## Assigned task
Beginning with the line that contains "Lotus Exige 350 Sport Roadster", retype the entries below exactly, ending with the line that contains "2021 Ford F-350". Leave out any pictures.

## Information supplied
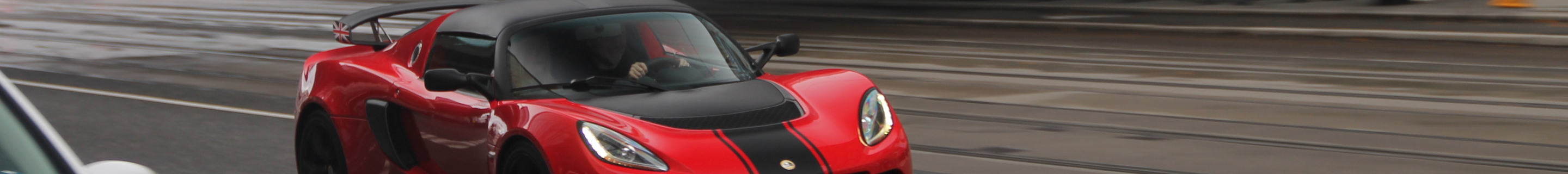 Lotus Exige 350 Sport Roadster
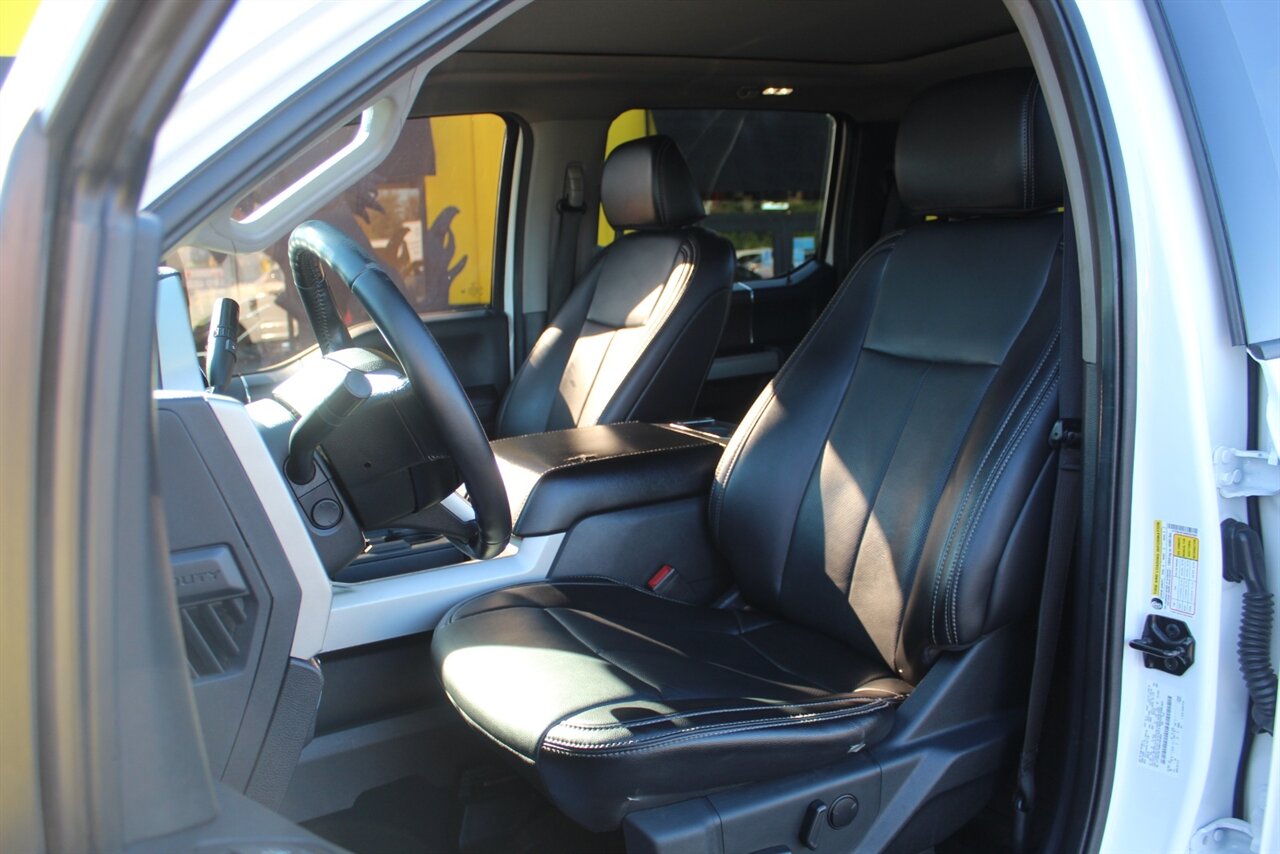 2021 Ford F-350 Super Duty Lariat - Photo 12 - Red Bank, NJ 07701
==
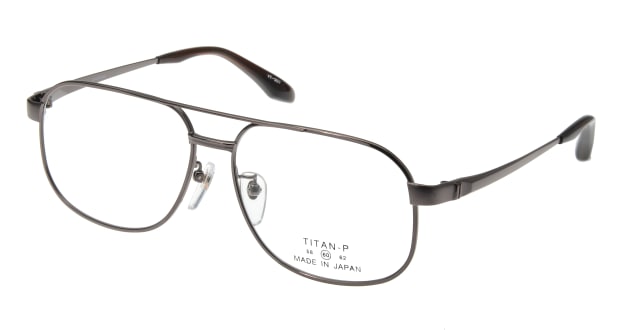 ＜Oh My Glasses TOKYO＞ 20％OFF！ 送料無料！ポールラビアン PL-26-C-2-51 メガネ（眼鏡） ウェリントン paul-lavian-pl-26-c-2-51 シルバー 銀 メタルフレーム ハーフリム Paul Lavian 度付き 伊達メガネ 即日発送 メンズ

## Written answer
 Lotus Exige 350 Sport Roadster
 2021 Ford F-350 Super Duty Lariat - Photo 12 - Red Bank, NJ 07701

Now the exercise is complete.